Another reason why established companies take to co-working is to attract and retain employees, particularly millennials, who are touted to form 64 percent of India’s workforce by 2020, according to Deloitte. And companies are gearing up for that. So much so that human resource managers are getting involved in real estate strategy decisions, unlike previously where only the CFO was in charge, says Virwani. “Millennials prefer to work for companies that share their vision for the future. The lines between social and work life are blurring, so it’s important for employers to give their employees an enriching environment to work in,” he says.

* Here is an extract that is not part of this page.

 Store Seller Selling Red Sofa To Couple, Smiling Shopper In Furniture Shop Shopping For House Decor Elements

By sharing workspaces, big companies hope that a bit of ‘startup culture’ will rub off on their own operations


That said, co-working can present problems for companies, in particular a loss of privacy. While several shared spaces offer private data servers with restricted access, Sharekhan’s Sridhar points out that as soon as his team moves from conception to execution of the project it is currently working on, he will move out of Awfis. “Data security is a concern. Once we have client information, we have to ensure it is not compromised. We follow strict regulations,” he says.

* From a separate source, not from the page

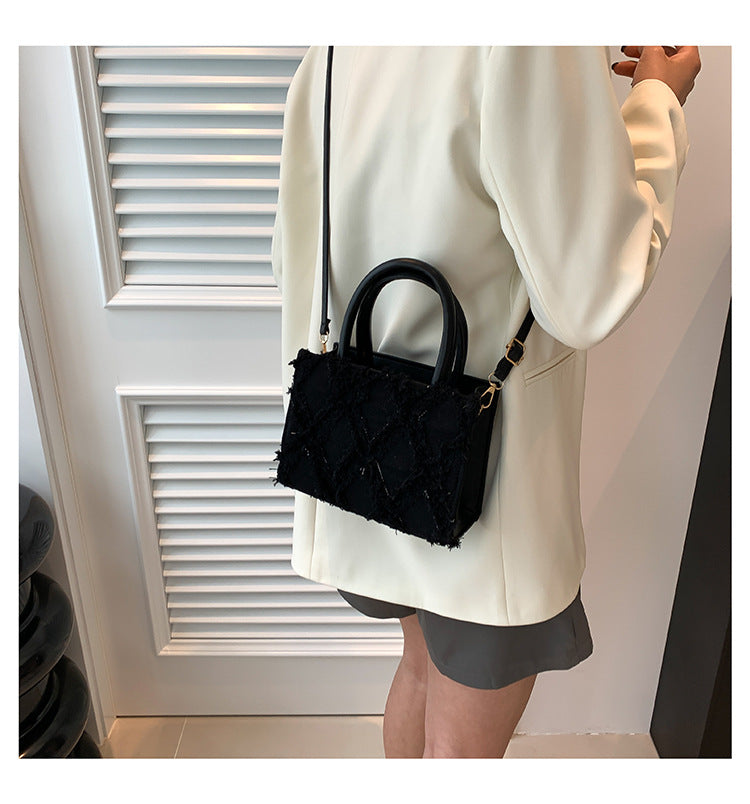 Retro denim diamond pattern tassel shoulder bag crossbody bag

Additionally, that youthful startup culture that established companies look to embrace by co-working can give way to a more sterile culture as they take up more and more seats at such places. “For us, as operators it makes sense to have more corporate clients compared to startups as the cash flows are assured,” says Ankit Samdariya, CEO at The Hive Collaborative Workspace. “But maintaining a healthy mix is critical.”

Ramani, however, says that even though large corporations make up the bulk of Awfis’s clientele, the occupants are mostly young 20 and 30-somethings. As long as the employee base is youthful, the culture will remain youthful, he adds.

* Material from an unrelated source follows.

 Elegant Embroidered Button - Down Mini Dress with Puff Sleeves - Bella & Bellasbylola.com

Co-working operators in India leased more than 1.2 million square feet of office space in 2016, according to a report by Colliers International. While this accounted for only 3 percent of the overall leasing volume, the property consultant predicts that co-working operators will lease 8-9 million square feet of office space by 2020. So what are the implications for the commercial property market as larger companies ditch traditional offices and move into co-working spaces ?

On the one hand, the demand for commercial real estate will soften, given the “inherent inefficiencies” in the market, says Samdariya, referring to the hefty security deposits and inflexible long-term leases that landlords lock tenants into. But on the other hand, as startups, small- and mid-sized companies and non-institutional offices move into previously-out-of-bounds Grade A offices, thanks to the co-working phenomenon, they will pump up the demand. “Overall, I see this as a positive for the commercial real estate market,” Samdariya adds.

Sure enough, WeWork, Awfis and The Hive point out that they have all achieved 90 percent-plus occupancy at their facilities prompting them to rapidly expand to new cities. But there will never be a complete shift to co-working. Established companies won’t give up their headquarters for shared workspaces, instead using the latter for sales, technical or other functions. Yet companies will want the cool vibe that co-working offers in their headquarters. “Companies are aware that they have to create an environment that employees enjoy coming to every day,” says Virwani, adding that WeWork India is already speaking to companies across Bengaluru, Mumbai and Delhi where they will go into their premises and create such a setting.

Ramani also sees this as a trend going forward. “After all,” he says, “office management is in our DNA.”